Seriöse Informationsquelle? Die Suchmaschine Google. Foto: Alexander Klaus / pixelio.de
Seriöse Informationsquelle? Die Suchmaschine Google. Foto: Alexander Klaus / pixelio.de

Was für ein Web wollen Jugendliche? Über diese Frage sollen sie angeblich diskutieren, und zwar mit Hilfe eines buntes Heftes im DIN-A4-Format. Der Leitfaden dreht sich um Datenschutz, Gesetze und Kreativität im Netz. In Übungen sollen Jugendliche überlegen, welche Fotos sie hochladen dürfen, Allgemeine Geschäftsbedingungen entziffern und über den Schutz ihrer Informationen im Netz diskutieren. Das Heft wurde von Bildungsministerien aus Europa und der EU-Initiative Klicksafe entwickelt und nun in den Räumen des Internetkonzerns Google in Berlin vorgestellt.

Dort zeigt sich, wie unterschiedlich Erwachsene und Jugendliche mit dem Internet umgehen. Die Erwachsenen auf dem Podium sind begeistert. Mit dem Heft könnten Eltern oder Lehrer mit Jugendlichen diskutieren, im Schulunterricht oder beim Abendbrot. Sie loben, dass die Broschüre gemeinsam mit Jugendlichen entwickelt wurde. «Ich glaube, das muss ein richtiges Unterrichtsmaterial sein», sagt die Bundestagsabgeordnete Christina Schwarzer (CDU), die im Digital-Ausschuss sitzt.

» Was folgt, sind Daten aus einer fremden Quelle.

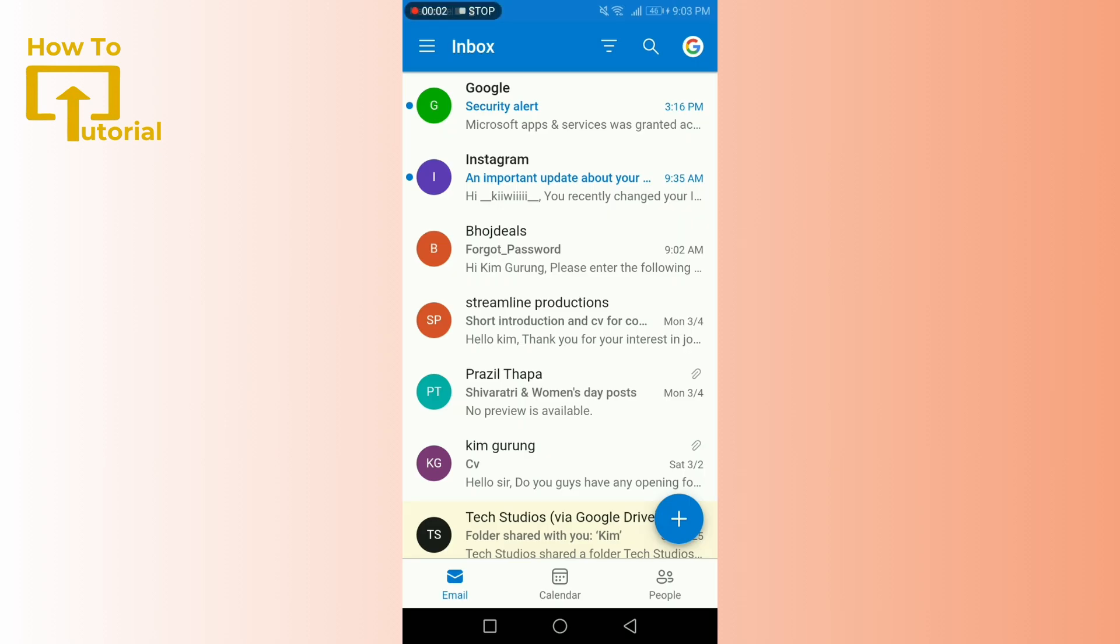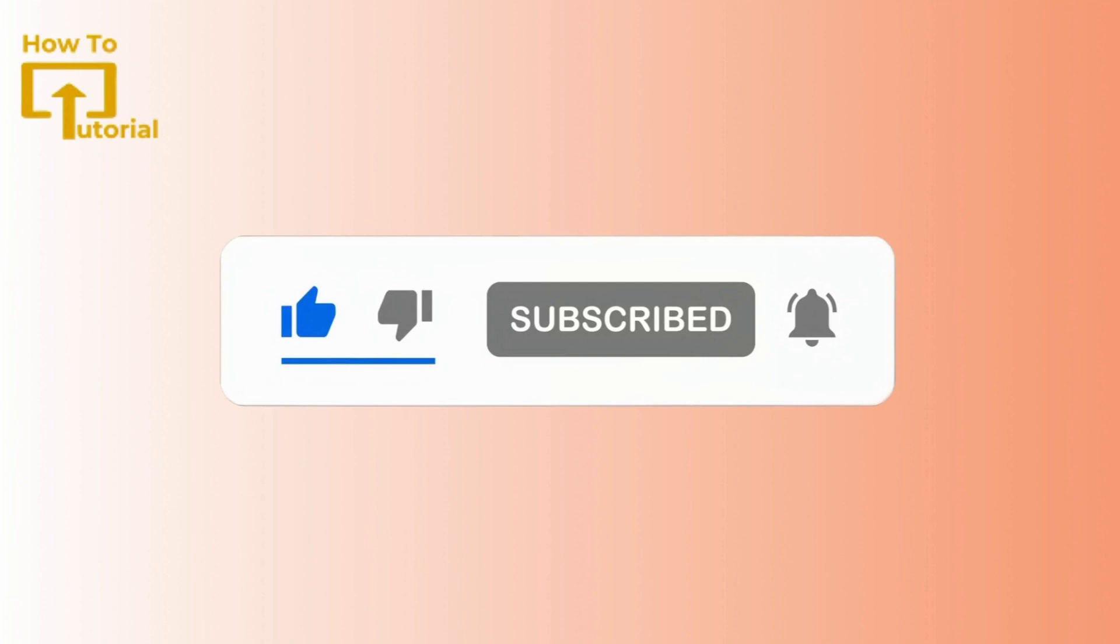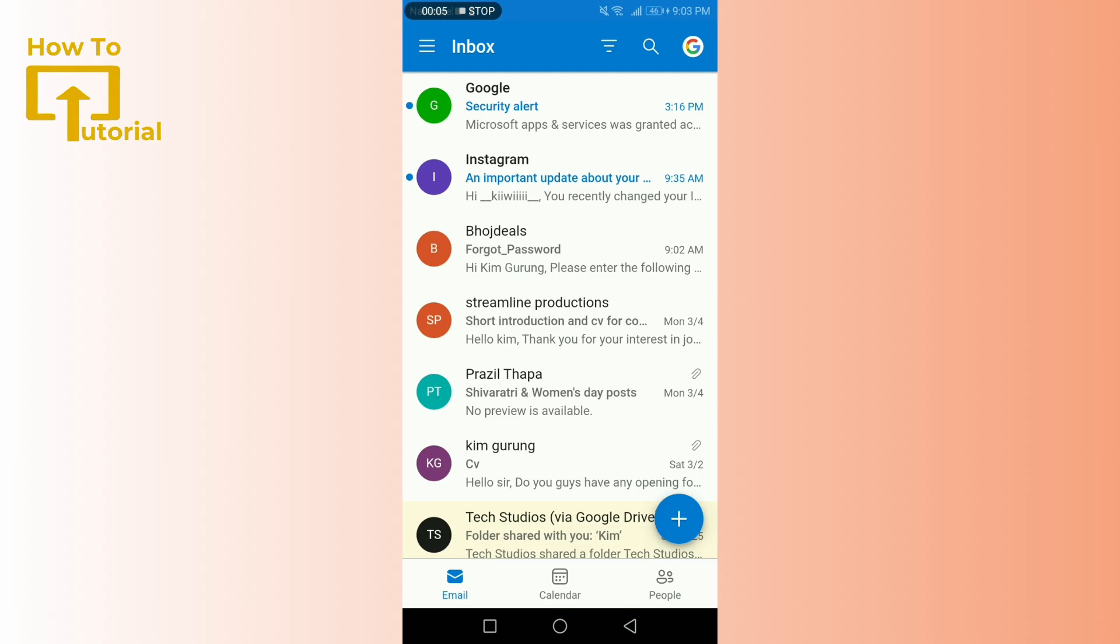Hello everyone, welcome back to our channel. If this is your first time here, make sure to subscribe and hit the bell icon to stay updated with all our latest tutorials. Today we're tackling a common but frustrating issue: your Outlook calendar not syncing with Office 365.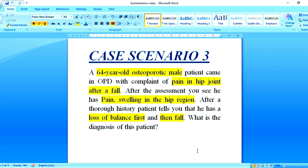The patient has swelling and pain in the hip region. After a thorough history, the patient tells us that he had a loss of balance first, and then fell. On assessment, there is swelling and pain in the hip region.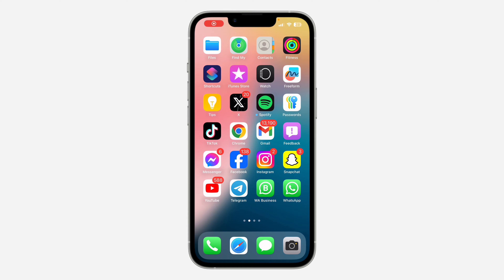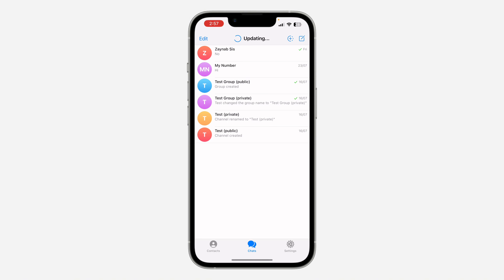Hey guys, so in today's video I'm going to show you how to add another account on Telegram iPhone. So if you want to add another account to your Telegram on your iPhone, let me show you how to have multiple accounts on Telegram.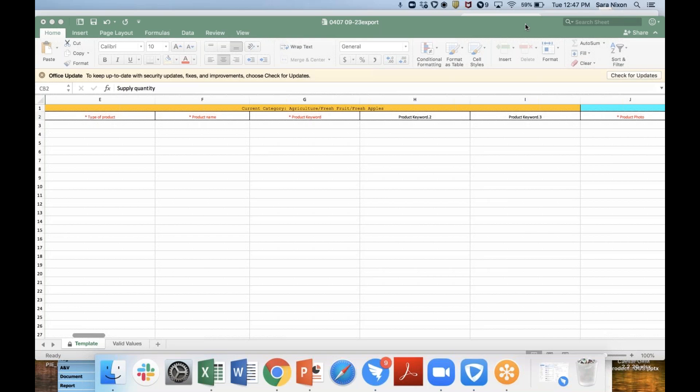Today I'm going to walk you through our product template sheet and go over some important fields that must be filled out. Please note that each category of products will have a slightly different variance of information that needs to be filled out, as each product sheet is category specific. It is important to select the correct category so that your products have the most relevant information. The category example I'm using today is agriculture — fresh apples.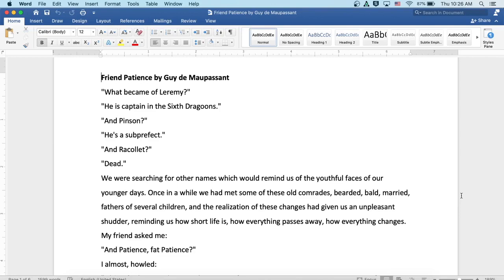Friend Patience by Guy de Maupassant. What became of Laramie? He's captain in the Six Dragoons. And Pinson? He's a sub-prefect. And Racolet? Dead.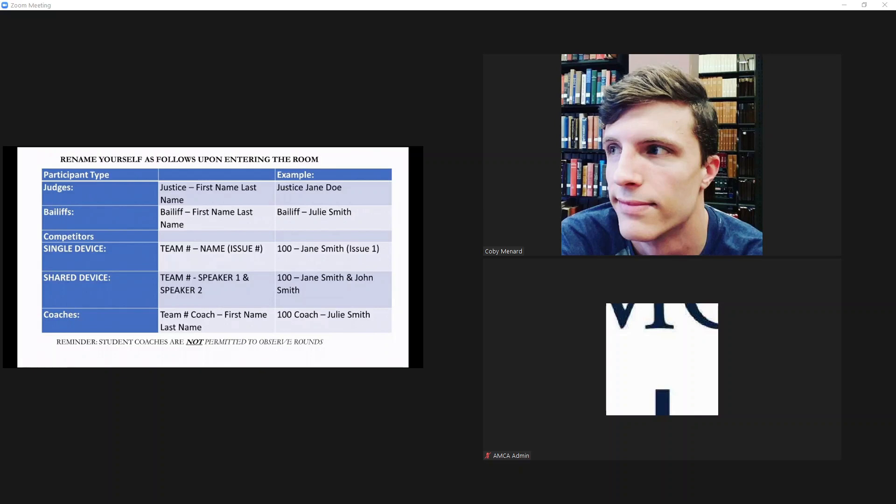Hi Bailiffs, and welcome to the 2021 AMCA National Championship Tournament. First of all, on behalf of the entire American Moot Court Association, thank you. Thank you for agreeing to do this.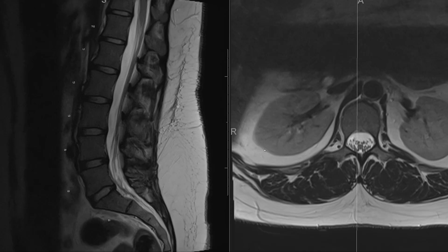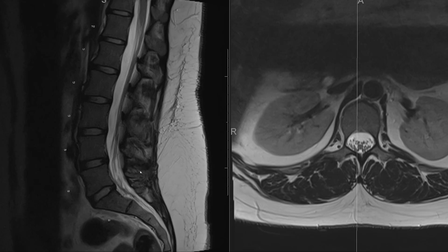Here we have sagittal and axial T2-weighted images of the lumbar spine. Let's review some basic anatomy. First of all, we have five lumbar vertebral bodies — L5, 4, 3, 2, 1 — connecting to the sacrum S1 vertebral body, and then T12 above. Each vertebral body is fairly square, and then we have an intervertebral disc at each level.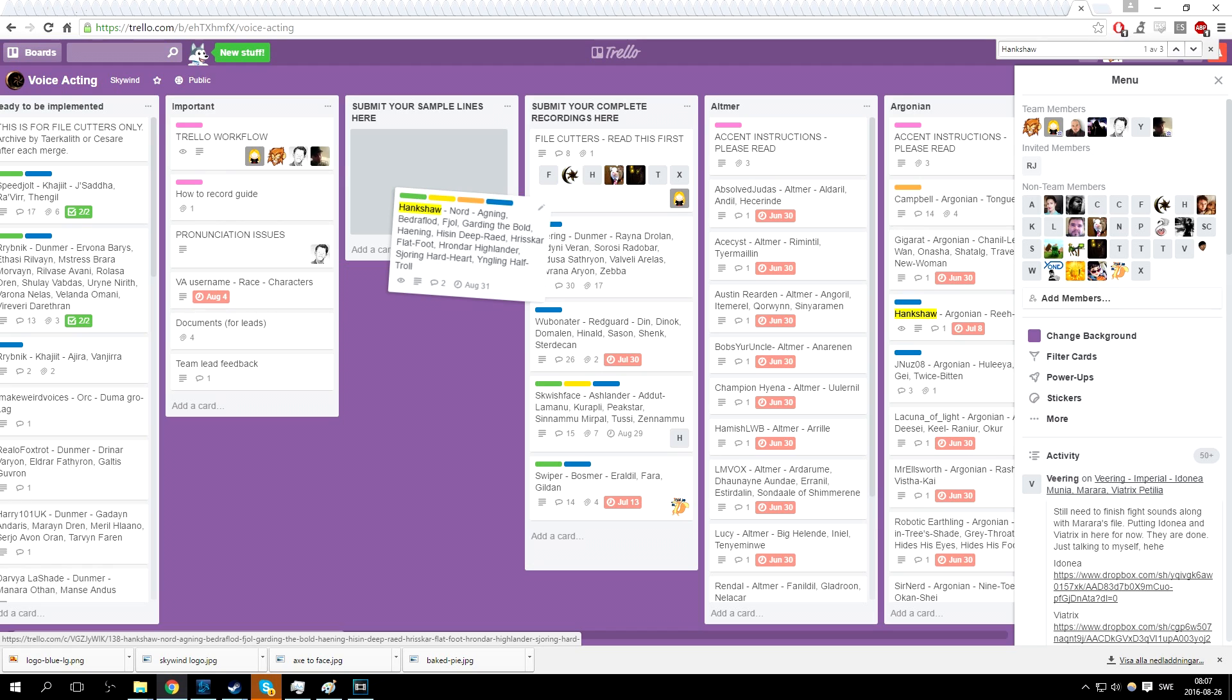You need to do this for every different race/voice type you are assigned to. If the sample is approved, you will be notified and you can start recording your characters.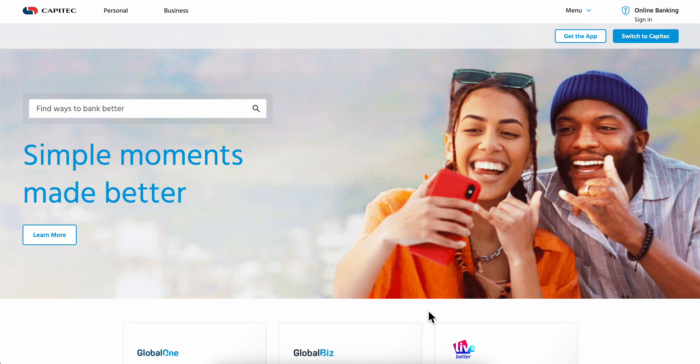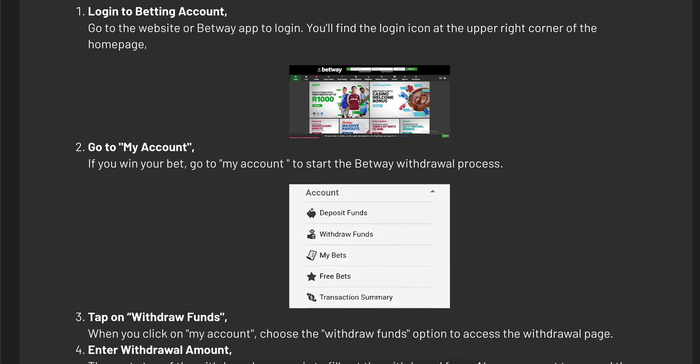How to withdraw money from Betway to Capitec? What you're going to have to do is simply go to Betway and then log in to your account.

Die Jugendlichen dämpfen später den Enthusiasmus. Mit Erwachsenen reden sie eigentlich nicht über das Internet, sagen sie. «Wir wissen viel mehr als die ältere Generation», sagt Alexandra. Jugendliche bewegen sich oft selbstverständlich durchs Netz, viele sind gar nicht mehr «offline», zeigte jüngst eine Studie. Die 18-jährige Frederieke mag die Vernetzung mit anderen über Blogs oder Mailinglisten. Ihre Eltern seien dagegen sehr vorsichtig gewesen, sagt sie. Dabei ist der Schutz ihrer persönlichen Daten den Jugendlichen durchaus wichtig. Ihre Adresse, ihr Geburtsdatum oder ihren Standort wollen sie nicht veröffentlichen. Der «Verbreitungswahn», jedes Foto sofort hochzuladen, gefalle ihm nicht, sagt der 15 Jahre alte David. In der Schule werde das Thema kaum besprochen. «Übers Internet habe ich noch nie eine Schulung bekommen», sagt Alexandra (16). «Ich lasse mir lieber was von Freunden erklären als von Lehrern.»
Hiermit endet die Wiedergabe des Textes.